The political storm over South Australia's blackout has intensified with the Turnbull Government attacking state and territory governments for setting ambitious renewable energy targets.
South Australia plunged into darkness last week after a ferocious storm, and Federal energy minister Josh Frydenberg has blamed the states reliance on wind power.
"It was a big experiment that failed because the lights went out," Minister Josh Frydenberg said.
A massive storm last week caused catastrophic failure to the southern states energy network, run by nearly 40 per cent wind power.
But the South Australian Government said the attacks on renewable energy are unwarranted.
"It wasn't the intermittent nature of wind energy or renewable energy that caused the system black. What it was was a system glitch, a software error in some of the wind farms," the states Energy Minister Tom Koutsantonis said.
Energy ministers from across the country met in Melbourne on Friday for an emergency COAG meeting to discuss how to better secure the nation's grid.
The Federal Government attended the meeting with a request, calling on states to back down on their renewable energy targets - which range from 40 to 100 per cent in Labor states and territories.
"We'd like to see those targets more harmonised with the Commonwealth because ultimately what we want to see is more renewable energy and lower emissions but not at the expense at the affordability of electricity," Energy Minister Frydenberg said.
Adding that state and territory emission reduction targets shouldn't jeopardise the "stability" of the country's energy system.
"I made that point to state ministers today."
But State and Territory energy ministers responded after the council meeting by slamming the Turnbull Government for its own renewable target of 23.5 per cent by 2020.
"We have a state-based target because the Federal Government under Malcolm Turnbull don't have a policy after 2020," Queensland's Energy Minister Mark Bailey said.
Victorian's Energy Minister Lily D'Ambrosie echoed those sentiments calling on the Commonwealth to show "national leadership" on the issue.
"It's really going to come down to the Federal Government demonstrating some national leadership." - Victorian Energy Minister, Lily D'Ambrosie
After a two-hour minister-only breakfast meeting it was agreed a review will be conducted, chaired by the Commonwealth's Chief Scientist Alan Finkel, aided by two others yet to be appointed.

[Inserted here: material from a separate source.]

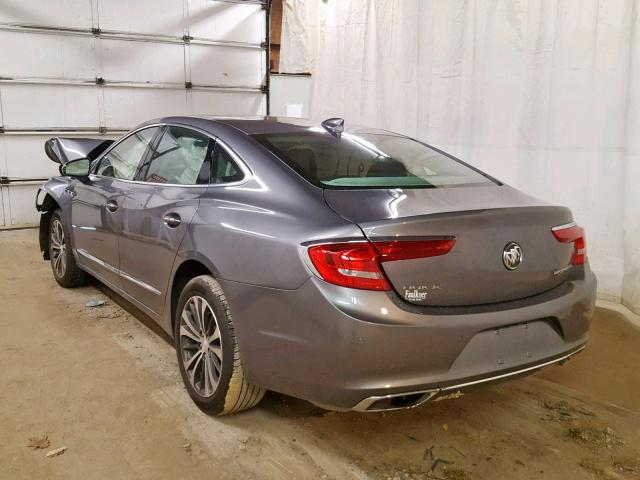 1G4ZP5SS5JU115410 - 2018 BUICK LACROSSE E GRAY photo 3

"A preliminary report will be provided to energy ministers ahead of the COAG leaders meeting in December with a final report being concluded early next year," Minister Frydenberg said.
"Today's meeting was a real breakthrough." - Energy Minister Josh Frydenberg
Professor Ken Baldwin from the ANU's Energy Change Institute said South Australia's recent extreme weather caused transmission lines to fall over and renewable energy didn't play a part, however, he did welcome the review.
"We now have a new set of imperatives that mean we have to address all the issues surrounding climate change and the security of the grid in terms of more extreme climactic events," he said.